Sections include tandoori, balti, poultry, duck, lamb, fish and king prawn, as well as thali options, which are an Indian version of tapas offering a pick ‘n’ mix of exotic morsels.

To start, I chose the tandoori scallops, a notoriously expensive choice, but this version was more purse-pleasing than most at £5.45.

A hearty portion was soon winging its way to our table. The Indian spices enhanced the seafood, without detracting from its natural delicate flavour.

I must have expensive tastes when it comes to food – my main choice of zaffron king prawn was the priciest on the menu at £17.95, but it did already come with rice.
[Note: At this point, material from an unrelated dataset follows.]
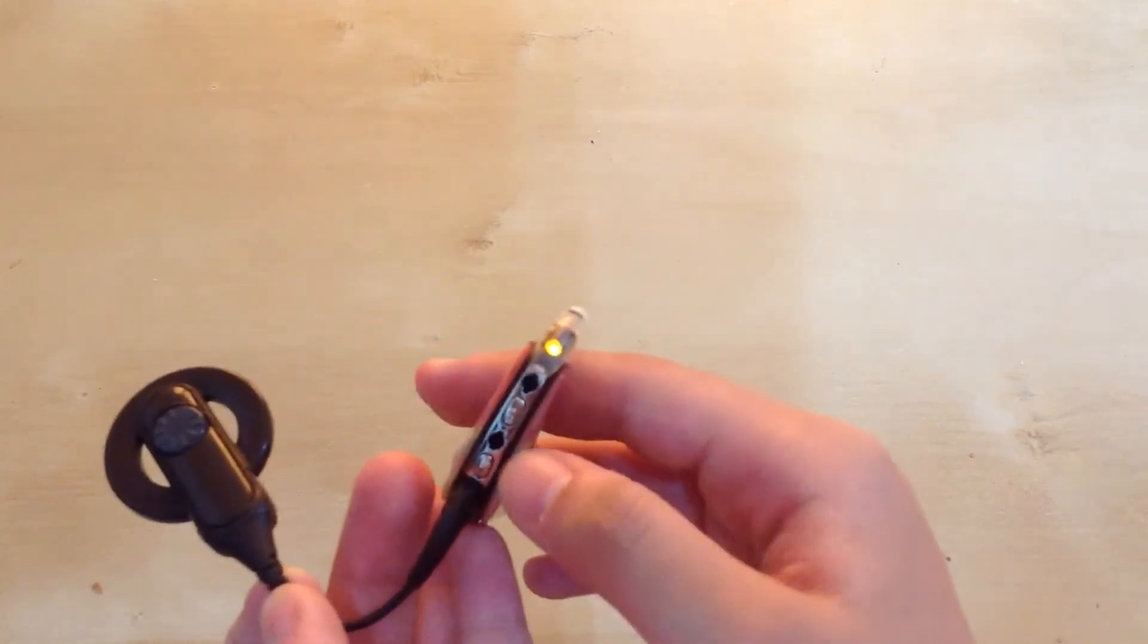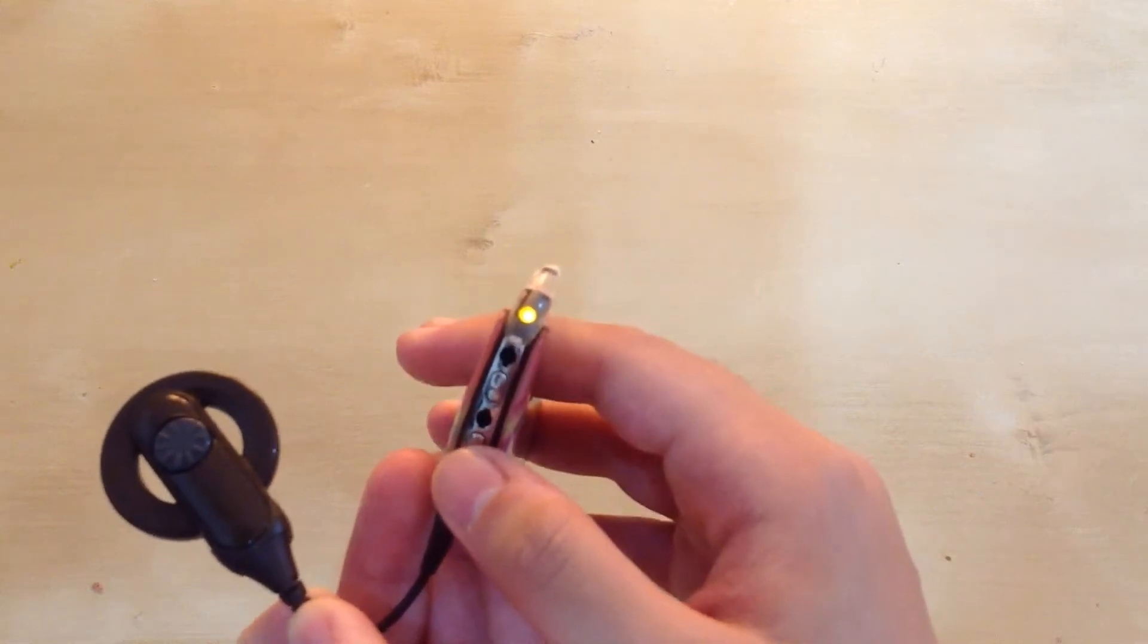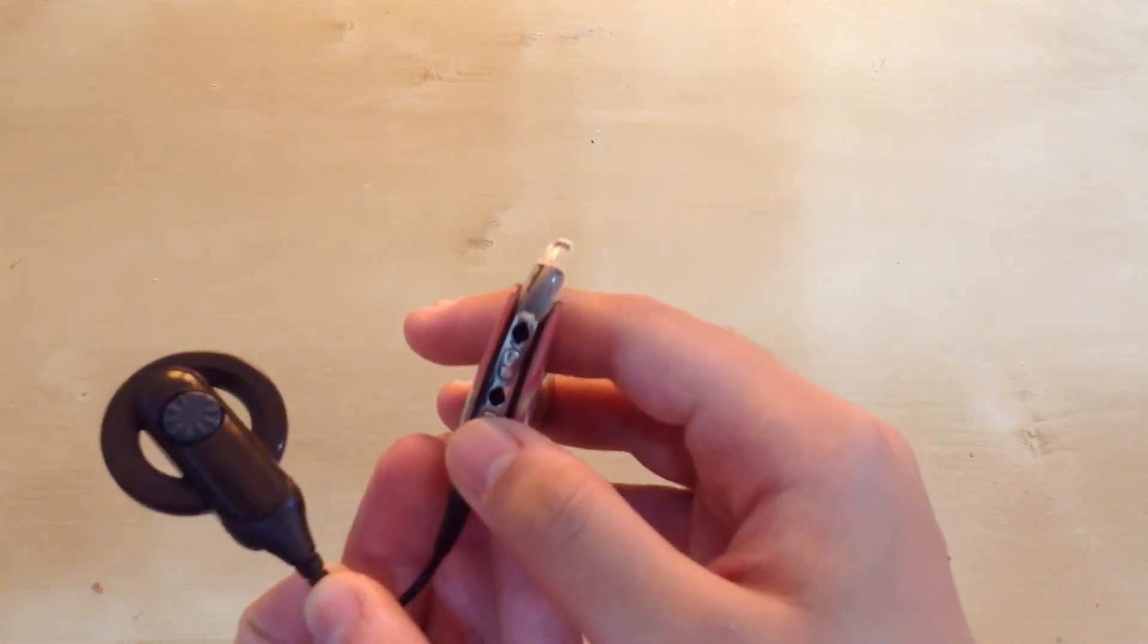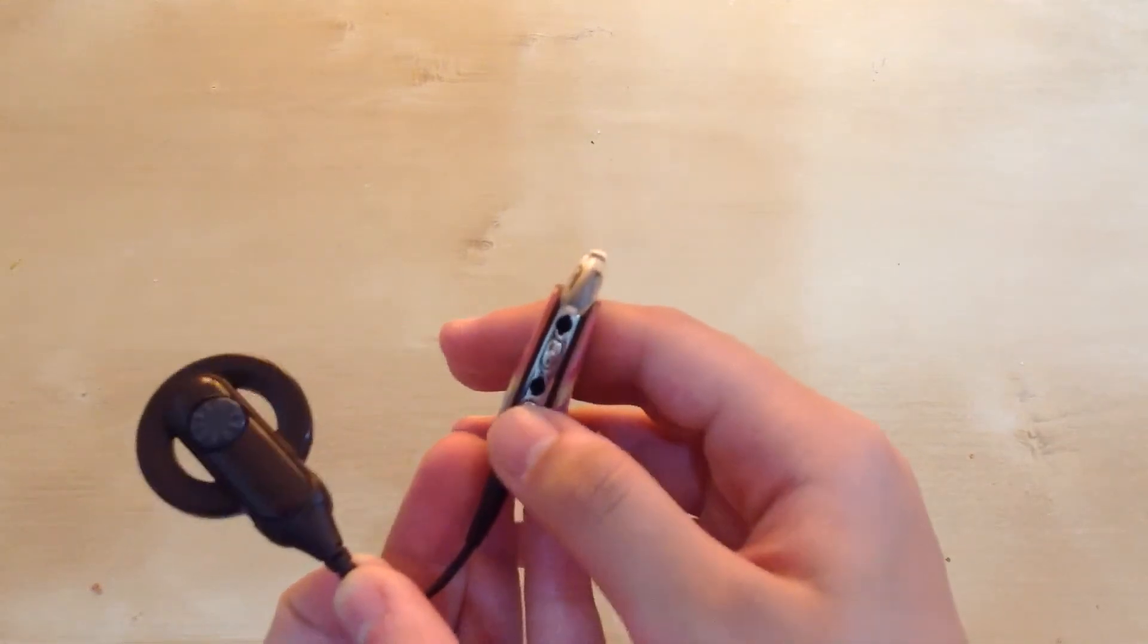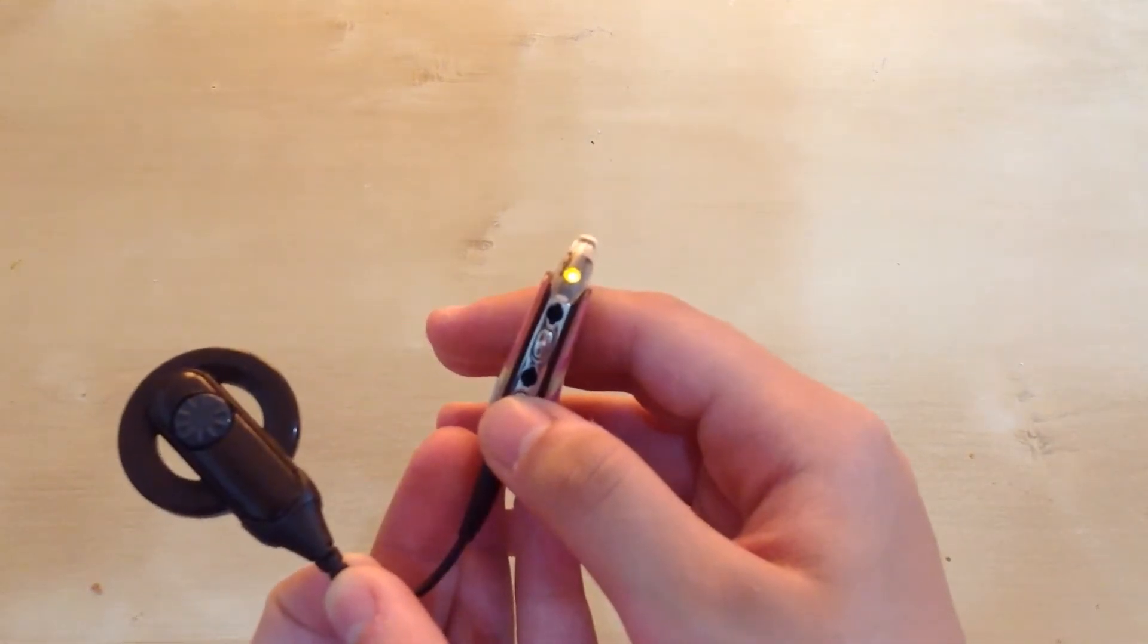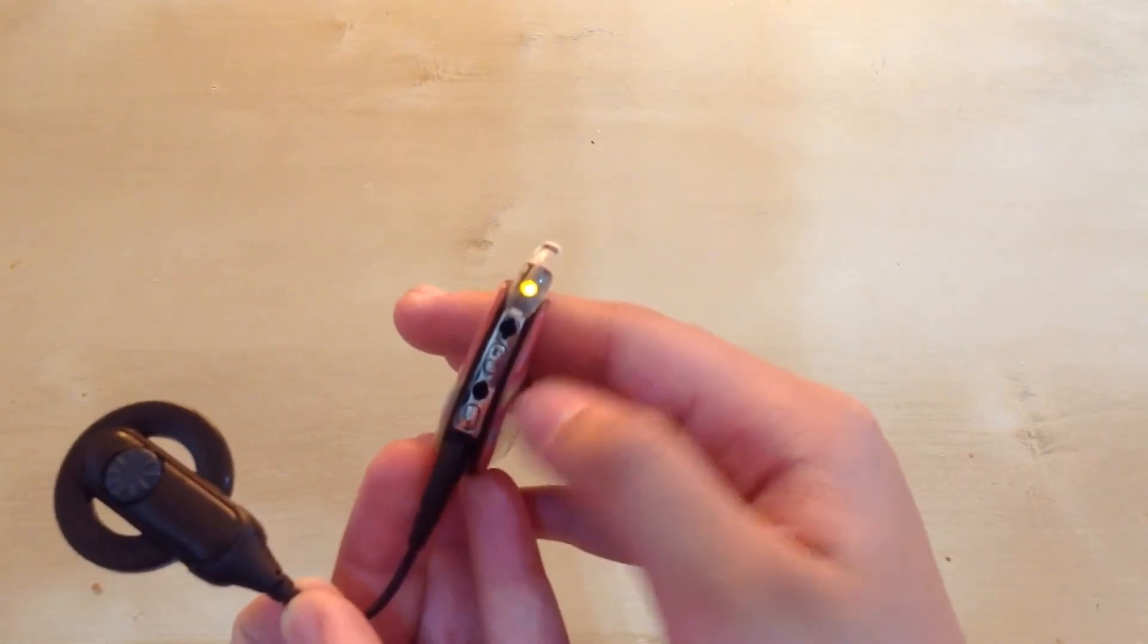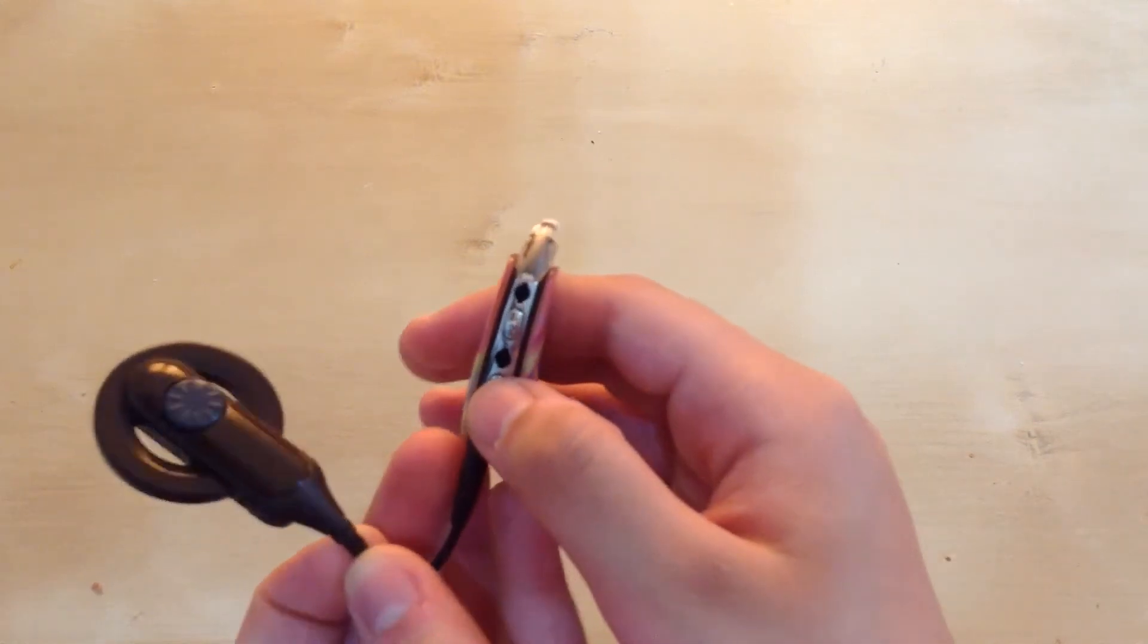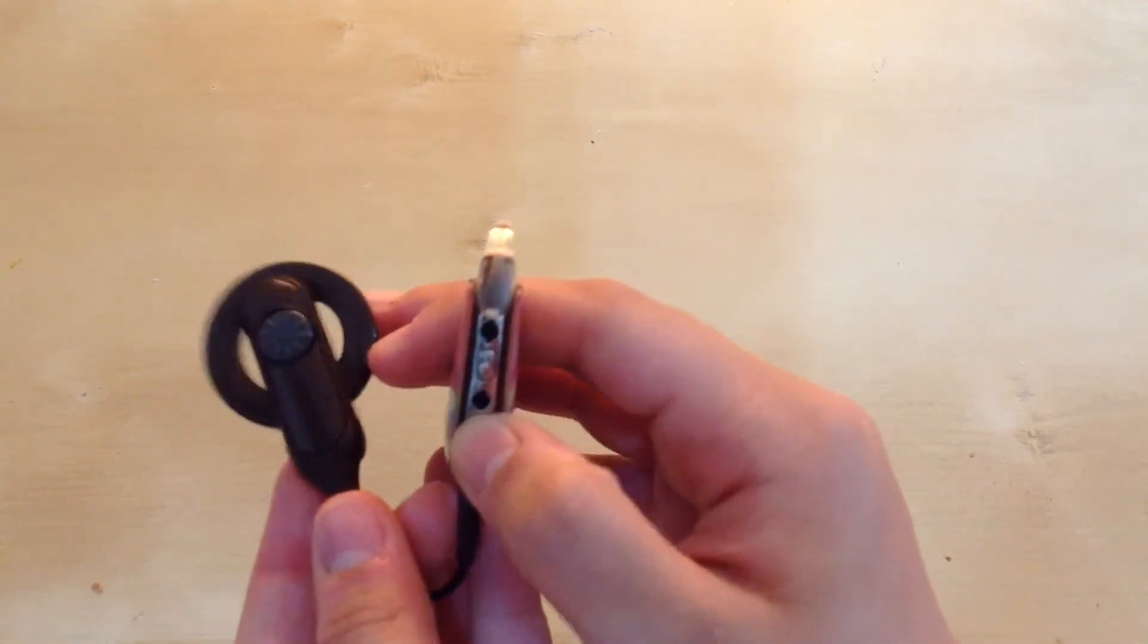If I were to change it to program two, then there would be two blinking lights. So I'm going to change it to program two right now.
Most of the mains come in at around the £12/£13 mark.

It was a beautifully-presented feat of Eastern cooking with a modern twist.

The prawns were huge knuckle-dusters enveloped in a fresh but flavoursome blend of saffron and spices.

The swirls of sauce around the dish looked almost too pretty to be destroyed, but it had to be done.

We’d ordered a peshwari naan to share (£2.45) but meal portion size was just right, leaving the side dish barely touched.

Service too was spot on –helpful but not too in-your-face, and there was a good selection of wines to choose from other than the usual suspects of pinot grigio and his menu stablemate sauvignon blanc.

Takeaway prices are cheaper than the restaurant version and I’ve heard from a fellow food-lover that the Thursday and Sunday special meal offers particularly good value.

On these nights you can pick up a starter, main dish, rice dish and ice cream or coffee for £9.95.

There’s also an eat-in early bird menu from 5pm to 7pm for £9.95.